╔══

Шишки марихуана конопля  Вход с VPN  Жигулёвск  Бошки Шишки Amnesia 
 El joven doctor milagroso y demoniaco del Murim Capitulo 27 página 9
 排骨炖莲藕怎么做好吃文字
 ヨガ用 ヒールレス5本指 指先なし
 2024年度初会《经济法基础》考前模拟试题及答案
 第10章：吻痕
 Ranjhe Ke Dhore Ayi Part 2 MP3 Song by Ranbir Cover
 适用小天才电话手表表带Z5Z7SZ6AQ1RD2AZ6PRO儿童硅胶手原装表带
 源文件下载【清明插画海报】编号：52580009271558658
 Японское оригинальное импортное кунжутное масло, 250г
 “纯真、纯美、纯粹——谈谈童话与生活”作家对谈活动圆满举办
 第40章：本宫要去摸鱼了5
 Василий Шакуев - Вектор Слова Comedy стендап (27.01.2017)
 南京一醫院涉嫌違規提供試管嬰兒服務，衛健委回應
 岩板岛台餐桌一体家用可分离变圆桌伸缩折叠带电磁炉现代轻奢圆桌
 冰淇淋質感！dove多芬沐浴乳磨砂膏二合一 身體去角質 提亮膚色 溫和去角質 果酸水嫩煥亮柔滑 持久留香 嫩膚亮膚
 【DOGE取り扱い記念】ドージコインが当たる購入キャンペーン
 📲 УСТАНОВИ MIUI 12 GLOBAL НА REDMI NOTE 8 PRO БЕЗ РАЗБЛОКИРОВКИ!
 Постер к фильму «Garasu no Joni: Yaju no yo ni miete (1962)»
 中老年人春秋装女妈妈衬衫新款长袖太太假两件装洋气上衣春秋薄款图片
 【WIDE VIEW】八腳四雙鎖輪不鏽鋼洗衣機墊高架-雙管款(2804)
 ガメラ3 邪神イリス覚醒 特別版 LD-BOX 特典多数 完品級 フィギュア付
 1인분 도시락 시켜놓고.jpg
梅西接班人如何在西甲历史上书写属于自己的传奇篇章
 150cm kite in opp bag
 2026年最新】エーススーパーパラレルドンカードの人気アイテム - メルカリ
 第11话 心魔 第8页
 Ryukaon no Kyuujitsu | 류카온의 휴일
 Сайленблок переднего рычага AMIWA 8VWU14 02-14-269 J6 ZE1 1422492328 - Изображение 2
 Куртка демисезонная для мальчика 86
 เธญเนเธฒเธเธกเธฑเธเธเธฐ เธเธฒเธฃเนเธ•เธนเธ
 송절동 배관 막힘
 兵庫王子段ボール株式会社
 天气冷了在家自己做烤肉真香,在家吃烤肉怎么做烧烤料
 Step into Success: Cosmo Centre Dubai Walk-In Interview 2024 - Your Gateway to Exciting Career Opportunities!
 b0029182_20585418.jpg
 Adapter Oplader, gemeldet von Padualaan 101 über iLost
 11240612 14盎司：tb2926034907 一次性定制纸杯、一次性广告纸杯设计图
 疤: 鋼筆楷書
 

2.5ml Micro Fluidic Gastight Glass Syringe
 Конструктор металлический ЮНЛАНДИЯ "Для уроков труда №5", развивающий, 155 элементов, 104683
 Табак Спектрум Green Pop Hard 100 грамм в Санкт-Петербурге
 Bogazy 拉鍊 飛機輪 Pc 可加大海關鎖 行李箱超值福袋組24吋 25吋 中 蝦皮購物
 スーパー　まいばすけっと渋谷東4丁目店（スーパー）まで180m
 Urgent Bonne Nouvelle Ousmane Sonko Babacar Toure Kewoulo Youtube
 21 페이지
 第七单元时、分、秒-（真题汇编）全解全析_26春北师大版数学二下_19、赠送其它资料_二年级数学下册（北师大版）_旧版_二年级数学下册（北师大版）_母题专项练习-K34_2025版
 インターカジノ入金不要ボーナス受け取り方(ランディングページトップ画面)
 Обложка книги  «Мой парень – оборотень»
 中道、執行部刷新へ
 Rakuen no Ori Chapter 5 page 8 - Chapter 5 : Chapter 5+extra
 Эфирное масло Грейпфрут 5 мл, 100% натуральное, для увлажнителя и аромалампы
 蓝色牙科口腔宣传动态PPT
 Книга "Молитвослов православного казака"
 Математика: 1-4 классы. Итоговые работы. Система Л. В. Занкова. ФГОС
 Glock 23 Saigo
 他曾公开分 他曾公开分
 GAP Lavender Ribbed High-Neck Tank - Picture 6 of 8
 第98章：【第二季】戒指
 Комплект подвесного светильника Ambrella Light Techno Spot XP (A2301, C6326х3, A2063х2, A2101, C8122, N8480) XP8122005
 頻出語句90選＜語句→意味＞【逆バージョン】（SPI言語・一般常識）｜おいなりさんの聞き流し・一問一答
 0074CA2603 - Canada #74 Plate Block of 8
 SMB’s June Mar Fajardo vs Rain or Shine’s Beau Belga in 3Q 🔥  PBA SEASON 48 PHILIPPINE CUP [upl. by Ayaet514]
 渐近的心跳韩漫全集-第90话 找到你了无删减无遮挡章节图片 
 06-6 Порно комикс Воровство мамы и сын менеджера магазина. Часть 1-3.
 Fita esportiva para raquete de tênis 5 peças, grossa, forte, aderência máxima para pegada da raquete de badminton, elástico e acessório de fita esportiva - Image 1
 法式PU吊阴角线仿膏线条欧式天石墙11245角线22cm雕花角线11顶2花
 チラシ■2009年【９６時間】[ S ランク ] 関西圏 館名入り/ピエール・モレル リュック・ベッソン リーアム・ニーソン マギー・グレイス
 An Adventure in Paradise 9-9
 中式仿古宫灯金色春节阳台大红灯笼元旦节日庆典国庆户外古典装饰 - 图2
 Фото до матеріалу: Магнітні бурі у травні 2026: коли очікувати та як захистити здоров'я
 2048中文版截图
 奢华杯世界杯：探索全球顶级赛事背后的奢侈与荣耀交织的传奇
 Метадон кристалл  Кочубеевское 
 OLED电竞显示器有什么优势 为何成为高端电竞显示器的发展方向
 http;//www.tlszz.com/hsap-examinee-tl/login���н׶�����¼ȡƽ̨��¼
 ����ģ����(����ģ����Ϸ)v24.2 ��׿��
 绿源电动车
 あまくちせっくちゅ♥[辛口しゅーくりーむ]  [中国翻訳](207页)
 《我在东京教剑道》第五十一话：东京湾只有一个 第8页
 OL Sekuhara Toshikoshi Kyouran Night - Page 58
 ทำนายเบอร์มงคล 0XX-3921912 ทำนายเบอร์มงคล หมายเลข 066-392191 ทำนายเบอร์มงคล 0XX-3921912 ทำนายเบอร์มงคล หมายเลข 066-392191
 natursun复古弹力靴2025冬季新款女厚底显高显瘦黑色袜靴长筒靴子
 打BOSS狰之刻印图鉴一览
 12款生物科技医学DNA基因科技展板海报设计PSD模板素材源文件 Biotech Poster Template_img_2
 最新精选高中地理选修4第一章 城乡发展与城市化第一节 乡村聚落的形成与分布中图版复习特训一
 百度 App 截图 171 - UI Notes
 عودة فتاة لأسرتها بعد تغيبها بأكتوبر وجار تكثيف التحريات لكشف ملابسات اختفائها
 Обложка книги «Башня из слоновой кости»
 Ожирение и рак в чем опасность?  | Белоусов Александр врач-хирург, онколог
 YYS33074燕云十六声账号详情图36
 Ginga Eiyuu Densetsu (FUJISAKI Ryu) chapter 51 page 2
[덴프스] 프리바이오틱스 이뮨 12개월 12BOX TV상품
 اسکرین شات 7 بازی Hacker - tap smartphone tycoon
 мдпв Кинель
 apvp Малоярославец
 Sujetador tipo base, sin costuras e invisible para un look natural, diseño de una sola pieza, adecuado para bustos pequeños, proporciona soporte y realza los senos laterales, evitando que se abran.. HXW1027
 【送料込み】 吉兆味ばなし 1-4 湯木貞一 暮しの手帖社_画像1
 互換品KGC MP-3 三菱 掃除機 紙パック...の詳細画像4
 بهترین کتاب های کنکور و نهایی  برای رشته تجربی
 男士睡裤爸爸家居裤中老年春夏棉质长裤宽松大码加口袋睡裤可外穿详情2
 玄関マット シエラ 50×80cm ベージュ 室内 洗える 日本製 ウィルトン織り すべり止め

╚══

WORK REQUEST: What goes in the answer is the run of lines from the one holding "百度 App 截图 171 - UI Notes" to the end of the entries, reproduced exactly and with nothing else.

WRITTEN REPLY:
 百度 App 截图 171 - UI Notes
 عودة فتاة لأسرتها بعد تغيبها بأكتوبر وجار تكثيف التحريات لكشف ملابسات اختفائها
 Обложка книги «Башня из слоновой кости»
 Ожирение и рак в чем опасность?  | Белоусов Александр врач-хирург, онколог
 YYS33074燕云十六声账号详情图36
 Ginga Eiyuu Densetsu (FUJISAKI Ryu) chapter 51 page 2
[덴프스] 프리바이오틱스 이뮨 12개월 12BOX TV상품
 اسکرین شات 7 بازی Hacker - tap smartphone tycoon
 мдпв Кинель
 apvp Малоярославец
 Sujetador tipo base, sin costuras e invisible para un look natural, diseño de una sola pieza, adecuado para bustos pequeños, proporciona soporte y realza los senos laterales, evitando que se abran.. HXW1027
 【送料込み】 吉兆味ばなし 1-4 湯木貞一 暮しの手帖社_画像1
 互換品KGC MP-3 三菱 掃除機 紙パック...の詳細画像4
 بهترین کتاب های کنکور و نهایی  برای رشته تجربی
 男士睡裤爸爸家居裤中老年春夏棉质长裤宽松大码加口袋睡裤可外穿详情2
 玄関マット シエラ 50×80cm ベージュ 室内 洗える 日本製 ウィルトン織り すべり止め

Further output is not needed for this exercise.